▶ **SUPPLIED ENTRIES**:
|---|
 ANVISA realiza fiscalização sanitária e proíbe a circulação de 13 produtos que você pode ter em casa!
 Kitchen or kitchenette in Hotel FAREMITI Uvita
|---|
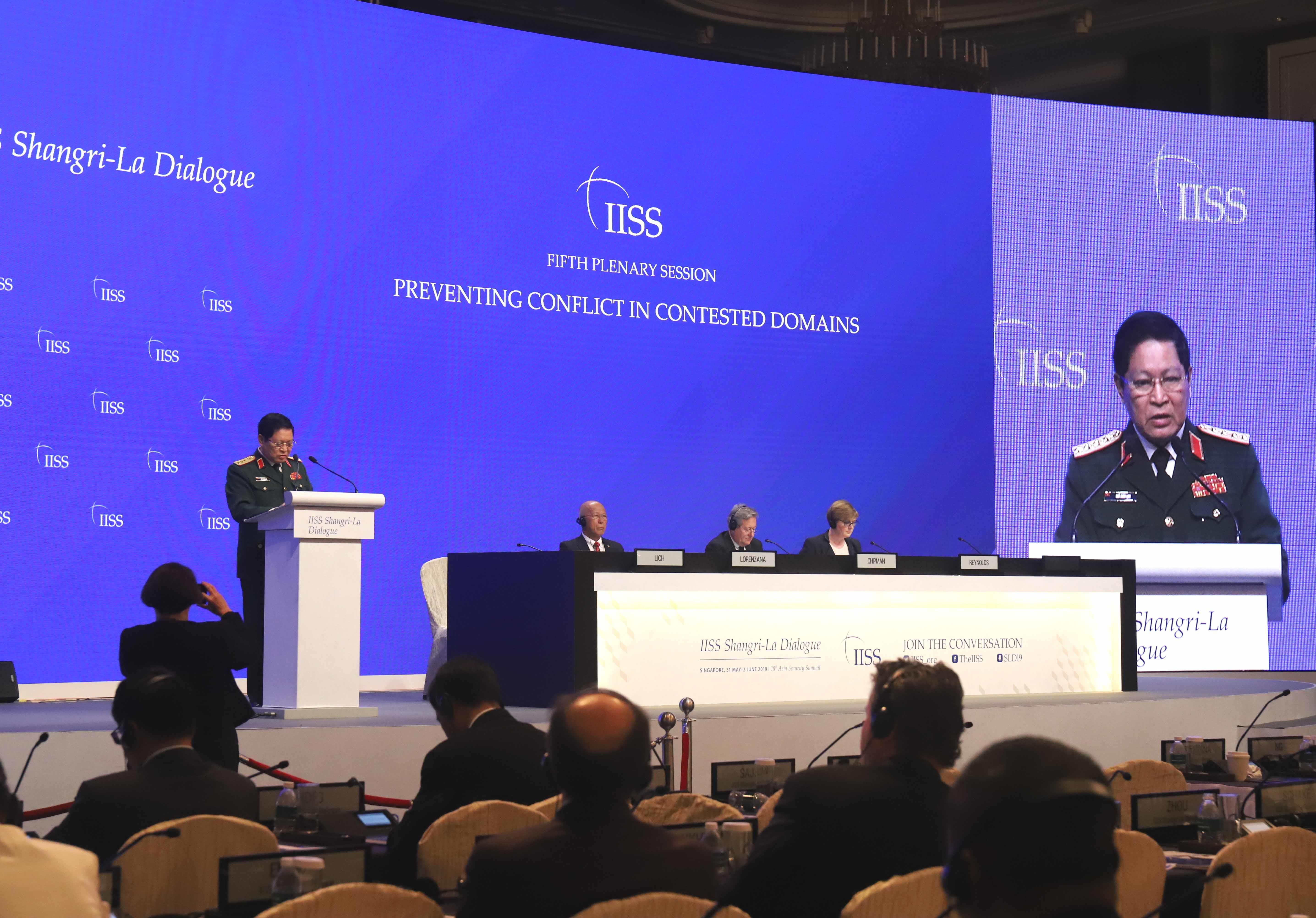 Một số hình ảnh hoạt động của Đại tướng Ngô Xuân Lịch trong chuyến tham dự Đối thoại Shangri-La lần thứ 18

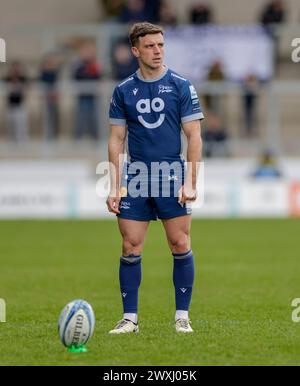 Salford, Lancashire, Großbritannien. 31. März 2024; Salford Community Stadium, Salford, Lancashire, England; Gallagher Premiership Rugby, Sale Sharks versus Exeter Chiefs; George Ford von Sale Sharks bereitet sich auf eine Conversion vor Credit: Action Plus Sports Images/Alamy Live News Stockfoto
|---|
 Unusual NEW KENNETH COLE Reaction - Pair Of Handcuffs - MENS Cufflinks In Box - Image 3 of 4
|---|
▶ **TASK DESCRIPTION**: Starting at the line above that contains "ANVISA realiza fiscalização", repeat each line exactly up to and including the line that contains "Kitchen or kitchenette", and stop there.

▶ **OUTPUT**:
 ANVISA realiza fiscalização sanitária e proíbe a circulação de 13 produtos que você pode ter em casa!
 Kitchen or kitchenette in Hotel FAREMITI Uvita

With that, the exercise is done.